Within a short space of time, however, one thief’s heart was completely transformed. Along with the other thief and the jeering crowd, he had been cursing and insulting Jesus. How did his amazing conversion come about?

The thief literally “heard” a sermon. It was not a sermon that was preached but one that was clearly manifested in the majesty and meekness of Jesus as He faced the hostile crowd of religious leaders, soldiers and onlookers: “And the people stood beholding. And the rulers also with them derided him, saying, He saved others; let him save himself, if he be Christ, the chosen of God” (Lk 23: 35).

Though He was insulted and jeered at, Christ did not respond with hatred or revenge. Instead, He prayed for His enemies: “Then said Jesus, Father, forgive them; for they know not what they do” (v 34a). It dawned upon the dying thief that Jesus was no ordinary man.

The thief could have begun to ask himself, “Is it possible that Jesus is really the Saviour sent by God?” It could explain His gracious conduct in the midst of such hostile and cruel treatment. Jesus’ mercy and kindness began to melt the thief’s hardened heart. Suddenly he saw everything clearly. He and his fellow thief were facing death because they deserved it, but the Man between them was innocent. He possessed the power to save Himself but He willingly took the place of sinners to die in their stead.
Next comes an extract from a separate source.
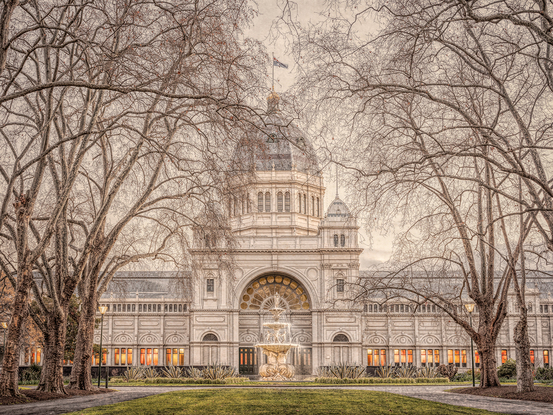 Winter photograph of the Royal Exhibition Building at Carlton Gardens featuring bare trees, central fountain and grunge effect captured by the photographer.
As the other thief continued with his railing, this thief now refused to join in the abuse. Instead he defended Jesus and rebuked the other criminal: “But the other answering rebuked him, saying, Dost not thou fear God, seeing thou art in the same condemnation? 41 And we indeed justly; for we receive the due reward of our deeds: but this man hath done nothing amiss” (vv 40-41).

As his life ebbed away, the thief wanted Jesus to take over his life. He uttered a simple prayer to the Lord beside him: “Jesus, Lord, remember me when thou comest into thy kingdom” (v 42). It is interesting to note that the thief saw the Lord when His visage was marred by pain, sorrow and anguish. Jesus’ appearance was far from attractive (Isa 53: 2-5). Yet he believed in Him as the triumphant King Who would shortly come into His kingdom.

The thief was saved – in the very last moments of his sinful life – when he turned to Christ in repentance. Jesus responded immediately with comforting words of grace and salvation: “Verily I say unto thee, To day shalt thou be with me in paradise” (v 43). He received immediate pardon and entered heaven together with Christ, his new-found Saviour.

C H Spurgeon made an interesting observation: “Assuredly nobody preached a sermon to him, no evangelistic address was delivered at the foot of his cross, and no meeting was held for special prayer on his account. He does not even seem to have had an instruction, or an invitation, or an expostulation addressed to him; and yet this man became a sincere and accepted believer in the Lord Jesus Christ.”

We thank God that the way to Christ is a simple one. The dying thief was saved by simply turning to Jesus and believing in His power to save. His conversion teaches us that even the vilest of sinners can be saved. The thief had lived a wicked life and had committed many violent crimes. But when he turned to the Lord in faith, he found grace in the last moments of his life.

The thief’s salvation reminds us of the much-beloved hymn, “There is a Fountain”:

The dying thief rejoiced to see
That fountain in his day;
And there may I, though vile as he,
Wash all my sins away.

Is there any among us that has not known the Lord? Let us, like the dying thief, draw nigh to Him today. Christ will turn none away who comes to Him with a sincere heart of faith.